Despite this bogus attempt at censorship, the UC eventually approved over $2,000 in funding for a week of programming, including a student panel on life under occupation, performance by poet Remi Kanazi, lecture on the history of boycotts for Palestinian rights, screening of the documentary 1948, and Tuesday’s event on Black-Palestinian solidarity. On Wednesday, PSC put up a Wall of Resistance with African, Jewish, and Latinx student organizations, among others.
An administrator apologized to PSC at Tuesday’s event for charging the fee, explaining that events during the UC hearing made him concerned for the safety of students with PSC and that it was not his intention to sabotage the event.
Tuesday's event attracted a diverse group of about 200 students and others who packed the auditorium.
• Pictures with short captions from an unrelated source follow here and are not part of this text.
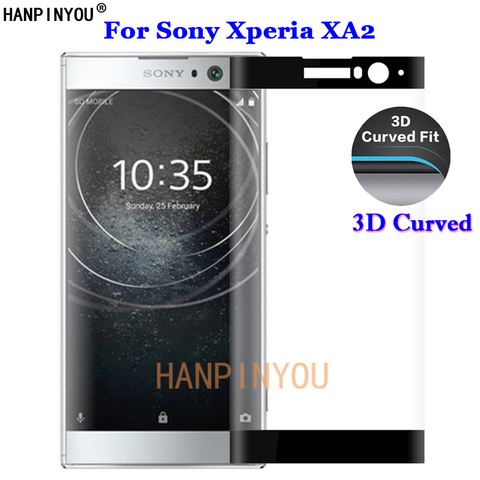 Film de protection d'écran pour Sony Xperia XA2 / Dual H3113 H3123 H3133 H4113, 5.2 pouces, couverture complète 3D, verre trempé incurvé 9H, Premium ► Photo 1/6
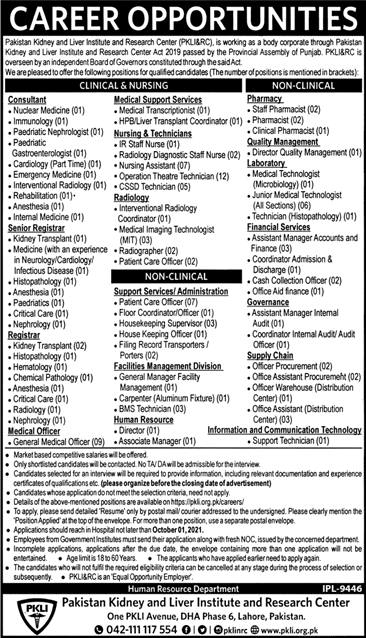 PKLI Jobs September 2021 Lahore Pakistan Kidney and Liver Institute and Research Center PKLI&RC Latest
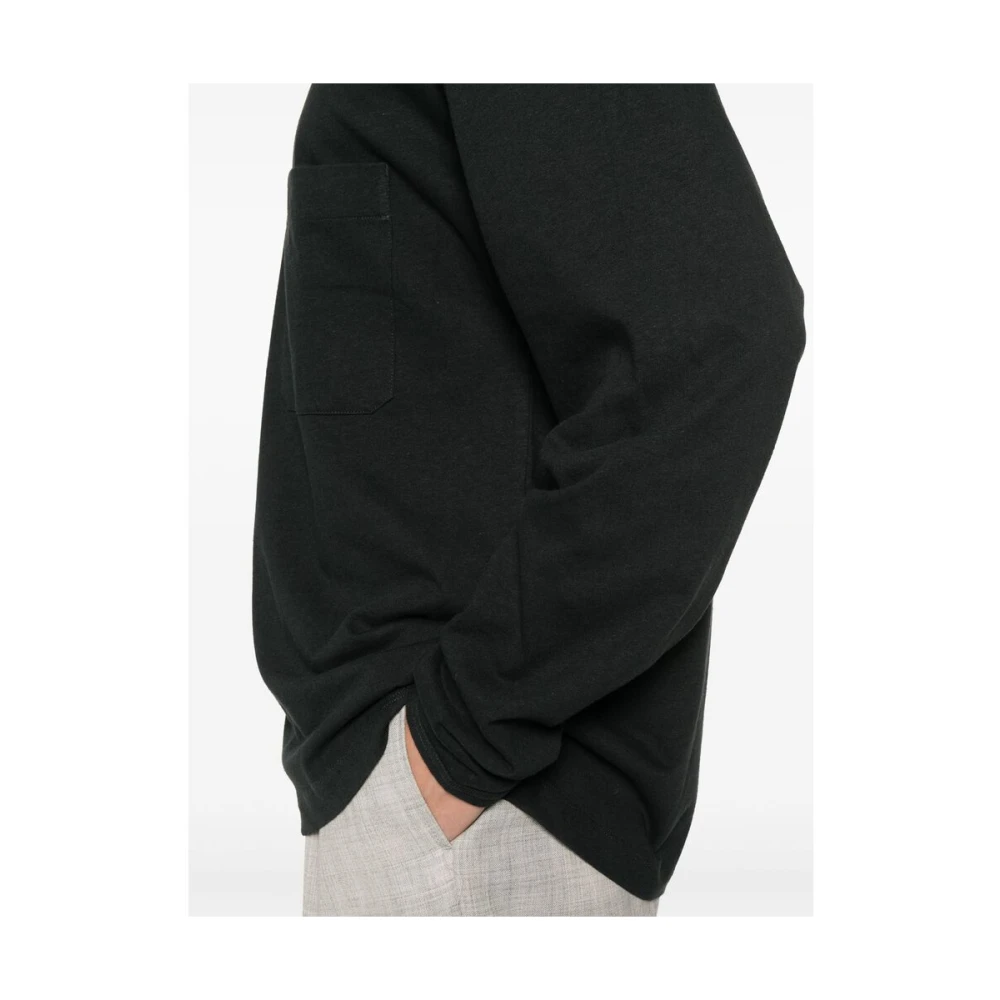 Lemaire Zwarte Ronde Hals Lange Mouw T-shirt Black Heren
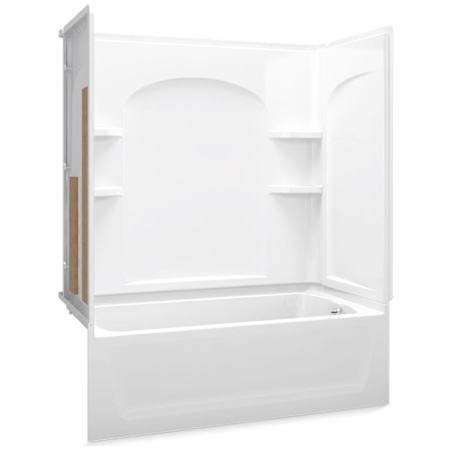 Sterling Ensemble, 60" x 32" x 74" Curve Bath/Shower with Age in Place Backers - Right-hand Drain White
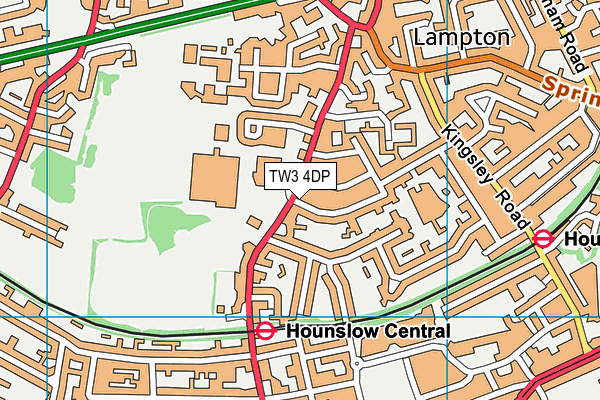 TW3 4DP map - OS VectorMap District (Ordnance Survey)
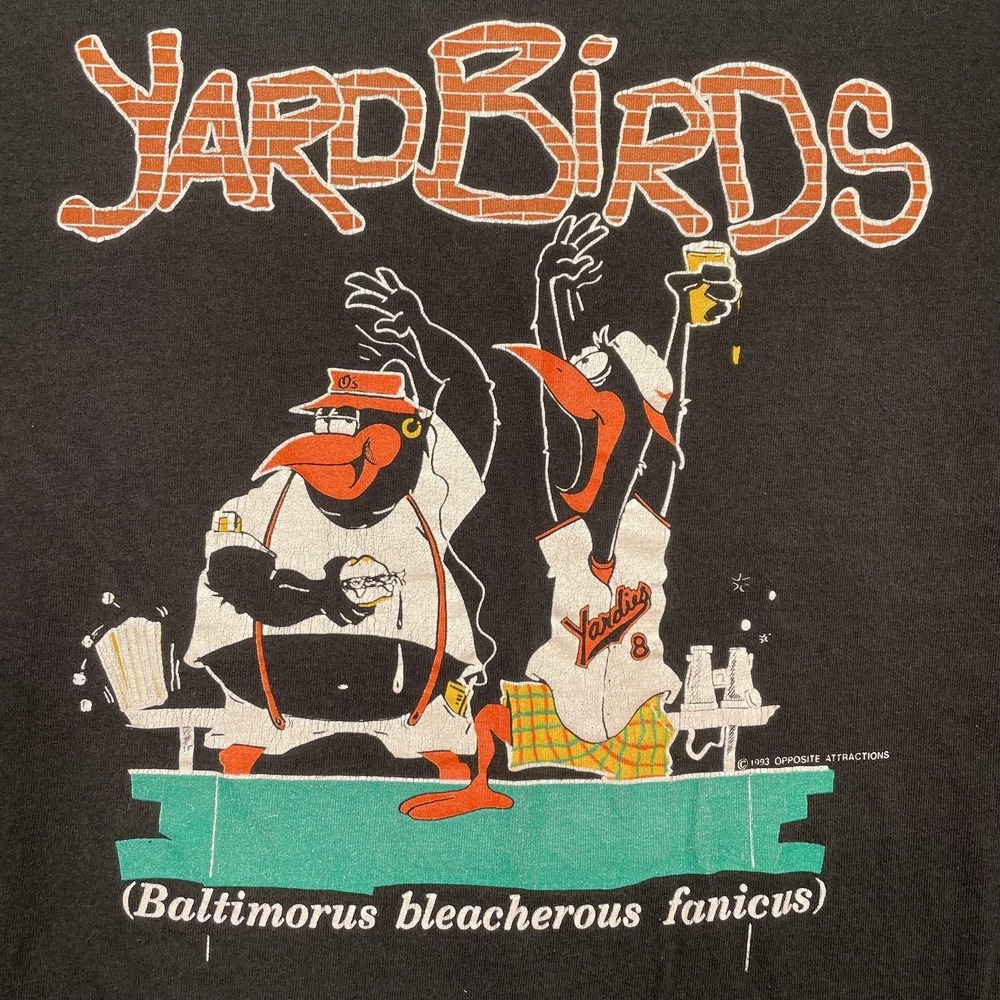 Yardbirds Shirt  Black Fruit Of The Loom Orioles Cartoon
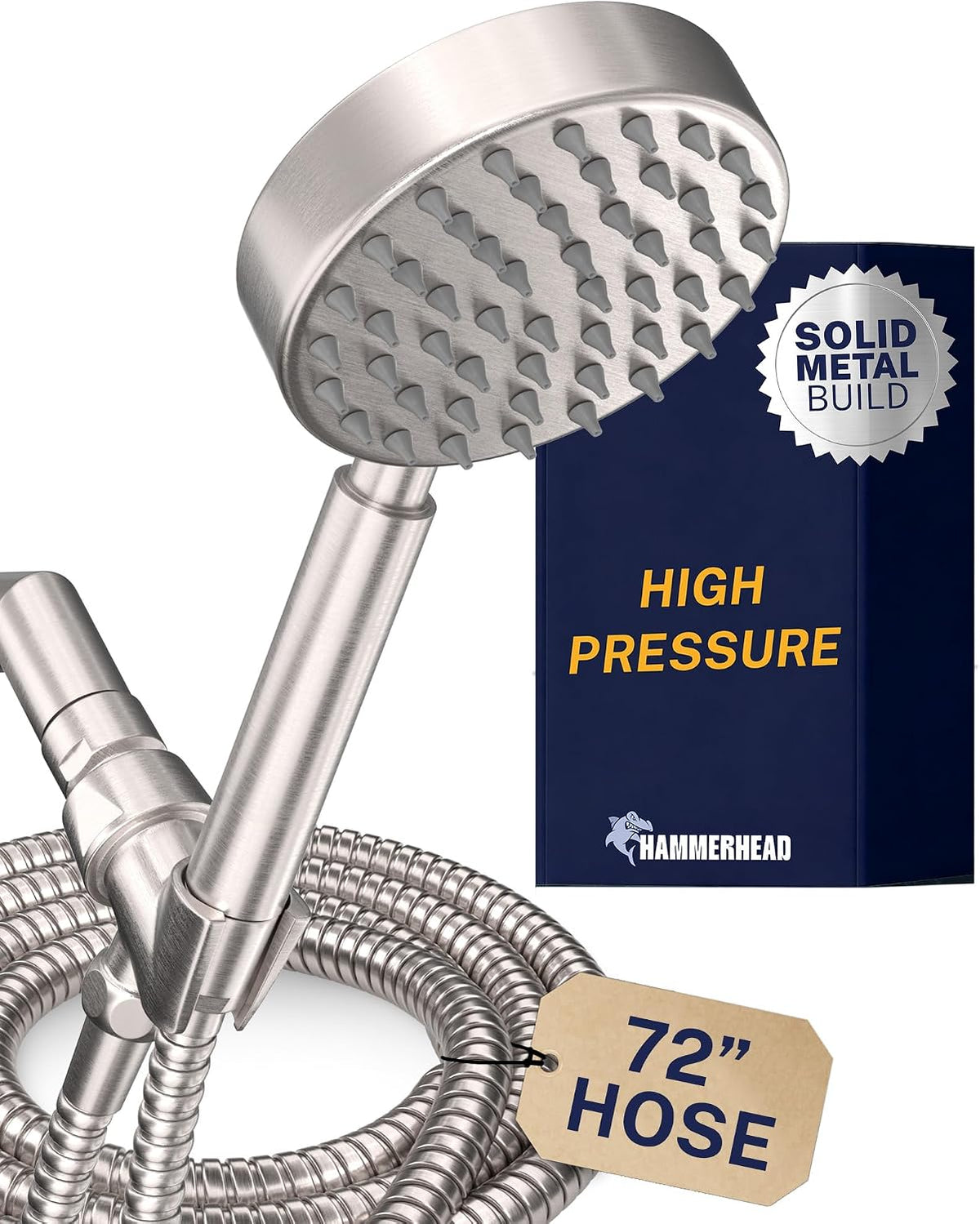 Hammerhead Metal Handheld Shower Head High Pressure, 6Ft Long Shower Hose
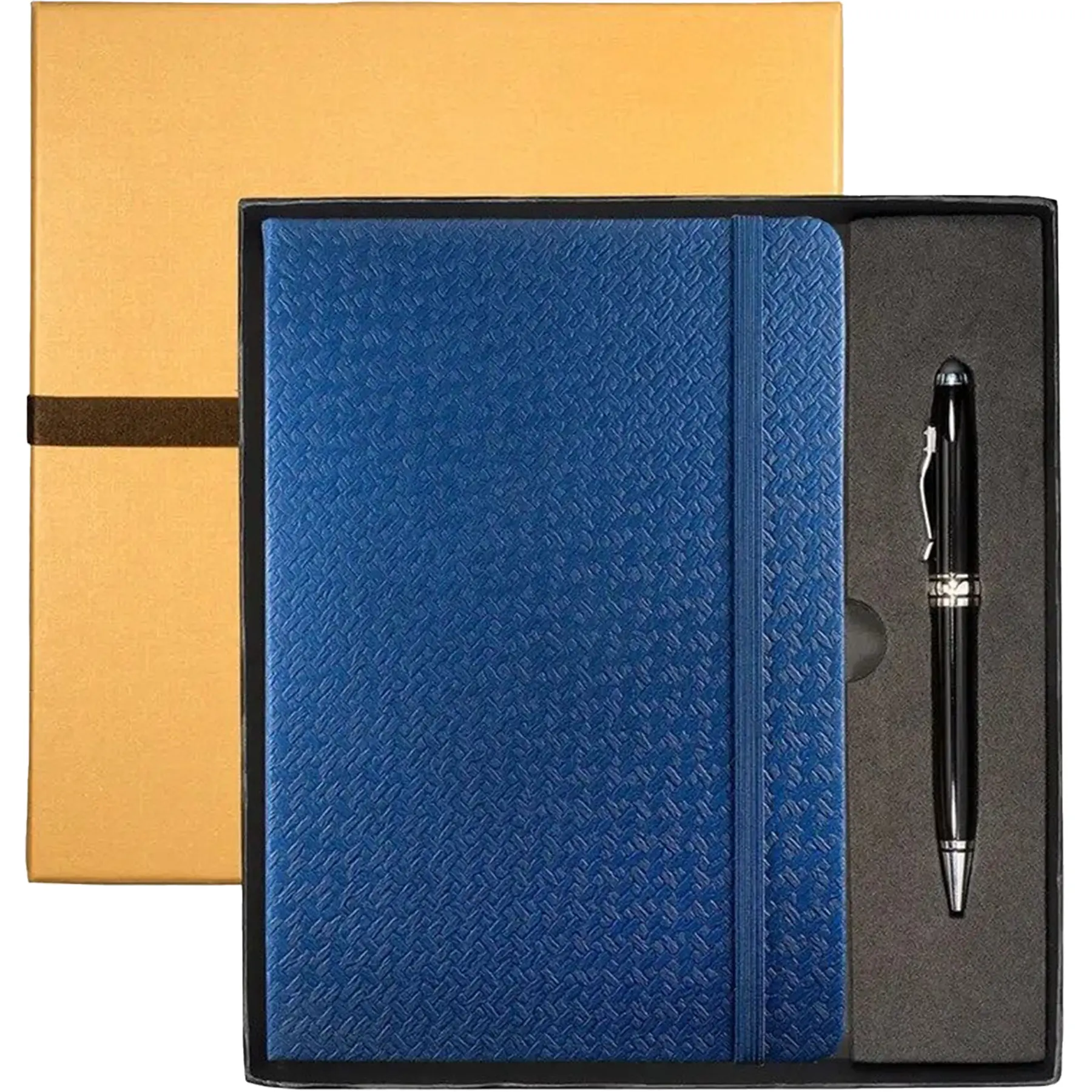 Executive Textured Faux Leather Journal Stylus Pen Touchscreen Compatible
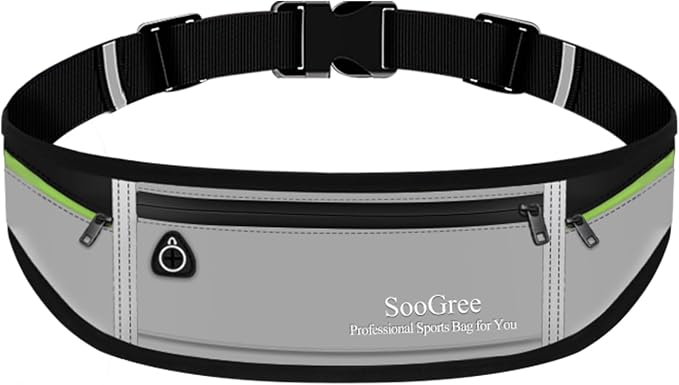 SooGree Slim Running Belt Sport Fanny Pack for Women Men,Reflective Waist Pack Runner Pouch Belt, Zipper Waterproof Running Phone Holder Jogging Pouch for Phone Money (GSP8806 top black/gray)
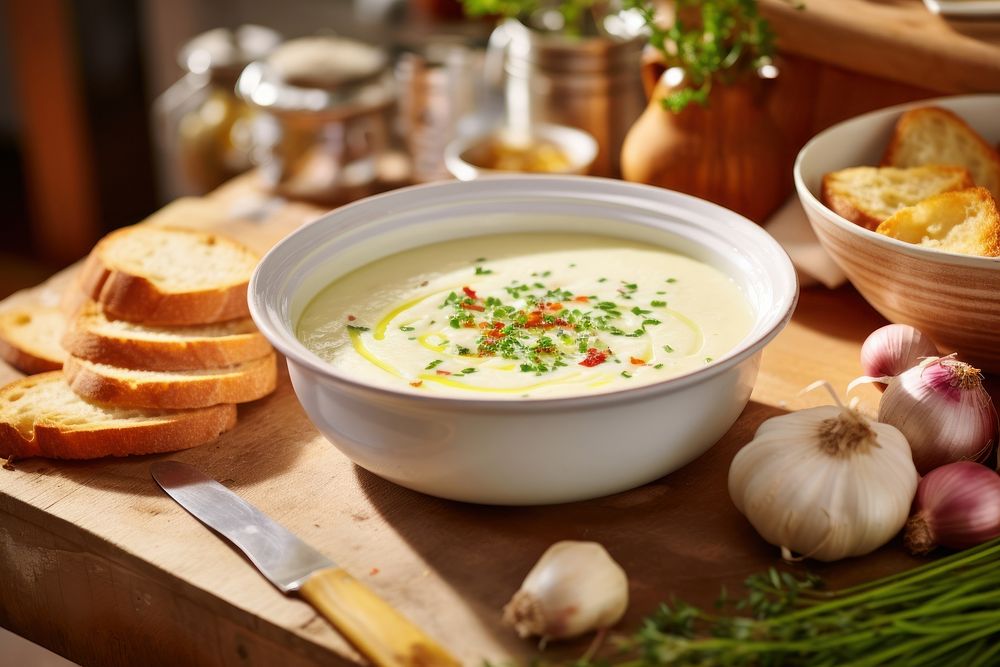 French garlic soup dish bread food. AI generated Image by rawpixel.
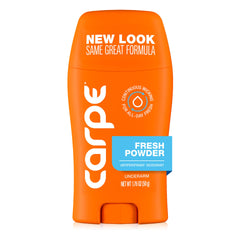 Carpe Fresh Powder bottle shows triple-action protection for daily wear.
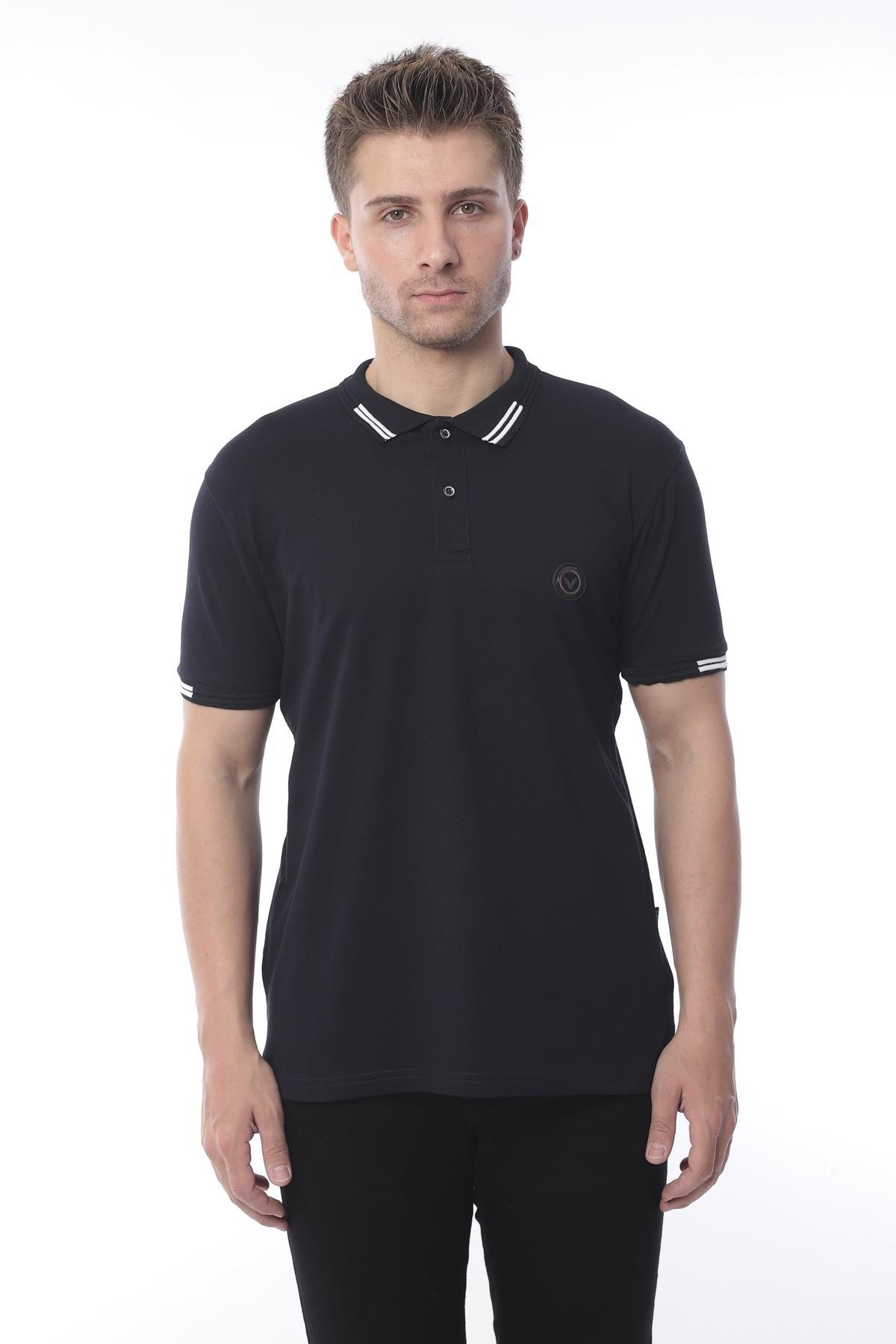 Pamuklu Kumaş Slim Fit Dar Kesim Kıvrılmaz Polo Yaka Tişört FS-003012 - Lacivert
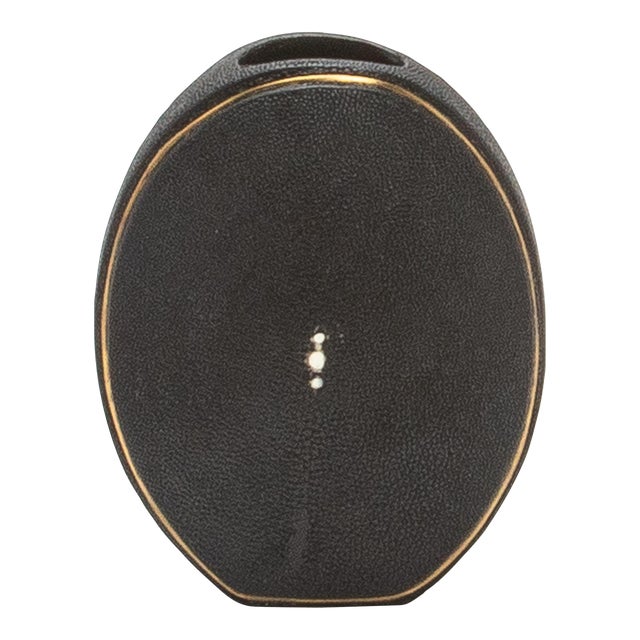 Shagreen Vase With Brass Details by R&y Augousti For Sale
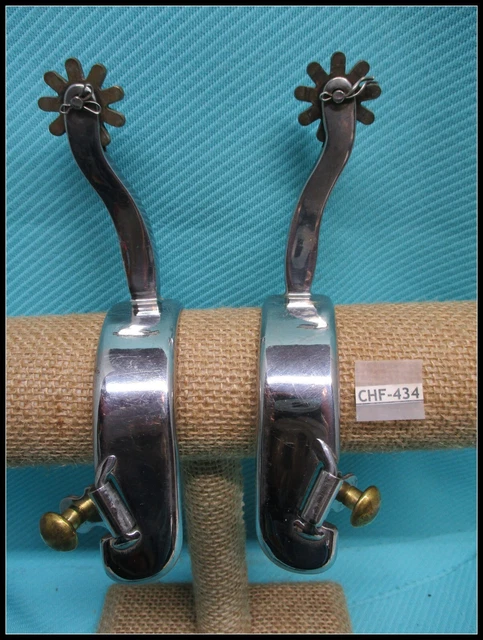 Well Made STAINLESS Heavy Cowboy CUTTING LONG SHANK Spurs that are OFF SET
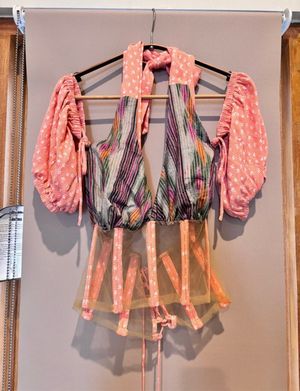 Fairy Blouse Wanita pink orange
“While we appreciate Harvard’s concern for our safety, we’re upset that Harvard insisted that we pay for a service that it promises to provide,” said Miriam A., a member of PSC. “We shouldn’t have needed a lawyer to intervene. We just want to have a productive conversation on one of the most critical foreign policy issues of the day and to be treated fairly and equally when we try to have these conversations.”